Segment Start: Records for this task

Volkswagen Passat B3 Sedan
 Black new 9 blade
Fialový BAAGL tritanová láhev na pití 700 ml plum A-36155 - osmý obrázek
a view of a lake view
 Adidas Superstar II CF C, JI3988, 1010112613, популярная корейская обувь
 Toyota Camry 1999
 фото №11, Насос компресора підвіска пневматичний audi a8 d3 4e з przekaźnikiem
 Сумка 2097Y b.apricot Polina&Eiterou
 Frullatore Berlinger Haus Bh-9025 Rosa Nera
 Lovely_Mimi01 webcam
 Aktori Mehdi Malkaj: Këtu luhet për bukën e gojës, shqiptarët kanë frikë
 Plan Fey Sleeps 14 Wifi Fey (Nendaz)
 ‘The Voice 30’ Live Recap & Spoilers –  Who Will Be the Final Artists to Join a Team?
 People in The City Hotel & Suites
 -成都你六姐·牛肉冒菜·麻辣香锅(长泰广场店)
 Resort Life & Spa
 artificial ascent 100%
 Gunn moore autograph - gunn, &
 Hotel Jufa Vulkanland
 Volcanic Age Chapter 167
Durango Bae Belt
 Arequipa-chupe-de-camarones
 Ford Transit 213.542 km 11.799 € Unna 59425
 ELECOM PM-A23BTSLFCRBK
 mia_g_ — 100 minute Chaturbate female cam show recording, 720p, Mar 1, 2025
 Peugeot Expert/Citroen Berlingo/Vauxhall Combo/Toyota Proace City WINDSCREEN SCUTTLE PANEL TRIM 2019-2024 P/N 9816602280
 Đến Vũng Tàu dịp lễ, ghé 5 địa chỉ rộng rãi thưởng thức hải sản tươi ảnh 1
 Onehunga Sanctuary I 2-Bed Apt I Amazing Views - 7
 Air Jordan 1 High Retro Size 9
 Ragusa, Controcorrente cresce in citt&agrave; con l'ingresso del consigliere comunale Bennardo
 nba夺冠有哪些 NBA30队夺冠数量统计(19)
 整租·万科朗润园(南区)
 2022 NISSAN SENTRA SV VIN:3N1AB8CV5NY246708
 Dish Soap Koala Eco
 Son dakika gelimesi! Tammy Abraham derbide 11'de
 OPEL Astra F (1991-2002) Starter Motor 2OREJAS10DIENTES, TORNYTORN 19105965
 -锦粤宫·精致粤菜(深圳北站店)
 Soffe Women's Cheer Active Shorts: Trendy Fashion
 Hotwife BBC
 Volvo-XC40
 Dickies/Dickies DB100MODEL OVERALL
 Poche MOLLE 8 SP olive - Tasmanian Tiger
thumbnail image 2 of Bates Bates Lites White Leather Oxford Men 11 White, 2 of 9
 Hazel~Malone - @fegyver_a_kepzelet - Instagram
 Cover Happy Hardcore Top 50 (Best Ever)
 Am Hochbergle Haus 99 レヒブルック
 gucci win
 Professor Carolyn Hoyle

Segment End: Records for this task

▸ Task to complete: Output every entry exactly.

▸ Task solution:
Volkswagen Passat B3 Sedan
 Black new 9 blade
Fialový BAAGL tritanová láhev na pití 700 ml plum A-36155 - osmý obrázek
a view of a lake view
 Adidas Superstar II CF C, JI3988, 1010112613, популярная корейская обувь
 Toyota Camry 1999
 фото №11, Насос компресора підвіска пневматичний audi a8 d3 4e з przekaźnikiem
 Сумка 2097Y b.apricot Polina&Eiterou
 Frullatore Berlinger Haus Bh-9025 Rosa Nera
 Lovely_Mimi01 webcam
 Aktori Mehdi Malkaj: Këtu luhet për bukën e gojës, shqiptarët kanë frikë
 Plan Fey Sleeps 14 Wifi Fey (Nendaz)
 ‘The Voice 30’ Live Recap & Spoilers –  Who Will Be the Final Artists to Join a Team?
 People in The City Hotel & Suites
 -成都你六姐·牛肉冒菜·麻辣香锅(长泰广场店)
 Resort Life & Spa
 artificial ascent 100%
 Gunn moore autograph - gunn, &
 Hotel Jufa Vulkanland
 Volcanic Age Chapter 167
Durango Bae Belt
 Arequipa-chupe-de-camarones
 Ford Transit 213.542 km 11.799 € Unna 59425
 ELECOM PM-A23BTSLFCRBK
 mia_g_ — 100 minute Chaturbate female cam show recording, 720p, Mar 1, 2025
 Peugeot Expert/Citroen Berlingo/Vauxhall Combo/Toyota Proace City WINDSCREEN SCUTTLE PANEL TRIM 2019-2024 P/N 9816602280
 Đến Vũng Tàu dịp lễ, ghé 5 địa chỉ rộng rãi thưởng thức hải sản tươi ảnh 1
 Onehunga Sanctuary I 2-Bed Apt I Amazing Views - 7
 Air Jordan 1 High Retro Size 9
 Ragusa, Controcorrente cresce in citt&agrave; con l'ingresso del consigliere comunale Bennardo
 nba夺冠有哪些 NBA30队夺冠数量统计(19)
 整租·万科朗润园(南区)
 2022 NISSAN SENTRA SV VIN:3N1AB8CV5NY246708
 Dish Soap Koala Eco
 Son dakika gelimesi! Tammy Abraham derbide 11'de
 OPEL Astra F (1991-2002) Starter Motor 2OREJAS10DIENTES, TORNYTORN 19105965
 -锦粤宫·精致粤菜(深圳北站店)
 Soffe Women's Cheer Active Shorts: Trendy Fashion
 Hotwife BBC
 Volvo-XC40
 Dickies/Dickies DB100MODEL OVERALL
 Poche MOLLE 8 SP olive - Tasmanian Tiger
thumbnail image 2 of Bates Bates Lites White Leather Oxford Men 11 White, 2 of 9
 Hazel~Malone - @fegyver_a_kepzelet - Instagram
 Cover Happy Hardcore Top 50 (Best Ever)
 Am Hochbergle Haus 99 レヒブルック
 gucci win
 Professor Carolyn Hoyle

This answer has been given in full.